Di balik perkara yang tak disukai, tetapi tetap mesti dilakukan, seringkali meninggalkan jejak berkesan. Bermula dari keharusan memenuhi persyaratan pengajuan skripsi, salah satunya pelaksanaan Kerja Masyarakat. "Turun gunung" ke pesantren yang baru dilahirkan. Hingga, meninggalkan bekas kesan yang tidak boleh dibilang biasa saja.
Dia bukan jenis orang yang gemar atau bahkan tertarik untuk berbicara atau bercanda dengan anak kecil yang berumur 6 tahun hingga sebelum baligh. Baginya, tak ada kesenangan berbicara dengan mereka. Yang ada hanyalah kerepotan. Repot mengulang kalimat. Repot mencari kata yang bisa mereka paham. Dan, ya, repot saat berhadapan dengan watak kekanakan mereka. Seolah ia percaya ia sudah cukup dewasa untuk menganggap anak-anak itu tidak lebih dewasa darinya.
Itu baru berbicara. Jangan tanya lagi soal mengajari mereka. Butuh kemapanan mental yang paripurna, kelembutan sempurna; lembut yang tak menyirnakan ketegasan, dan kecapakan menangani watak mereka. Oleh sebab itu, hanya sedikit guru-guru yang tahu benar bagaimana mengajari dan mendidik anak-anak.

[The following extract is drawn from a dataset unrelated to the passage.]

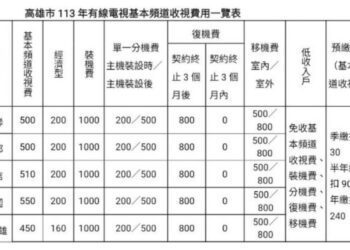 高雄市113年有線電視基本頻道收視費用不調漲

Nahas, dia ditugaskan untuk mengasuk anak-anak yang awalnya bak melihat segerombolan "tuyul" yang ingin soleh. Meski memang bukan saban hari, jelas hanya pada malam tertentu saja, tetapi berhadapan dengan kumpulan buyung yang super canggih itu tetaplah lebih berat ketimbang berhadapan dengan gadis manis yang ditaksir sekalipun.
Jelas bukan pilihan untuk mengasuh mereka walau hanya kena jatah sepekan 2-3 kali. Karenanya, tak jarang, dia dan sekutunya mencari 1000 jalan keluar dari tugas itu. Pahit tenggorokan akibat lenyap air liur, muka merah padam memendam marah, hingga gigi menginjak gigi lain menahan damprat, sudah mulai terhiasi bagi dirinya.
Baginya, mengajari orang lebih tua 10 kali lebih enteng ketimbang mengajari 1 anak. Boleh jadi, ia terlalu meninggikan dirinya hingga anak-anak tak sanggup meraih kata-kata dia, dan di saat yang sama malah mengerdilkan diri dengan sok-sokan bisa mengajari orang lebih tua. Mungkin karena kepayahan itu pula, mengajari 1 anak faedahnya lebih berjangka panjang ketimbang mengajari 10 orang lebih tua.
Saban kena jatah, perlahan, lambat sekali pemahaman dan kesabarannya mulai terbentuk, dan wujud dalam setiap tindakan dalam kelas saat bersama "tuyul" yang akan soleh itu. Seakan, culas, keras kepala dan lidah mereka sudah bukan apa-apa lagi. Hanya tinggal di sat-set was wis wos, keculasan mereka bisa diatasi dengan baik.
Seperti kata orang-orang, mereka hanyalah anak kecil, yang tak ubah macam kertas putih. Namun, sementara kumpulan buyung itu bak kertas putih yang terlampau dicoret oleh lingkungan keras. Perlu upaya lebih dalam mengasuh-mengasah mereka. Mereka sudah cukup canggih untuk disebut sebagai anak kecil. Namun sekali lagi, keterbukaan mereka dan kecenderungan mereka pada kesenangan yang baik sedikit banyak mengantarkan mereka kepada kesolehan-kesolehan yang mengakar, nantinya.
Begitulah. Sesungguhnya mengasuh sekelompok anak kecil tetap menjadi tantangan berarti bagi dirinya. Tak ada yang lebih besar tanggung jawab dan beban dalam dunia pendidikan melainkan mendidik anak kecil.
Kebermulaan dari keengganannya itu pada kemudian, bukan sebagai akhir, melahirkan kemauan untuk lebih berani mendekati dan mengilhami kebaikan kepada anak-anak kecil itu.
Pada akhirnya, setelah 6 bulan ber-fafifu dengan mereka ia harus meninggalkan mereka. Senang tak tergambarkan bersebab terbebas dari keharusan mengasuh "tuyul" soleh itu. Juga rasa sayang tak terperi karena terhenti membawa dan menggembleng mereka ke arah yang lebih baik. Keterpisahan itu bermelodius isak tangis diam-diam. Dan, kita tahu, sungguh tangis menyiratkan kesesakan mendalam.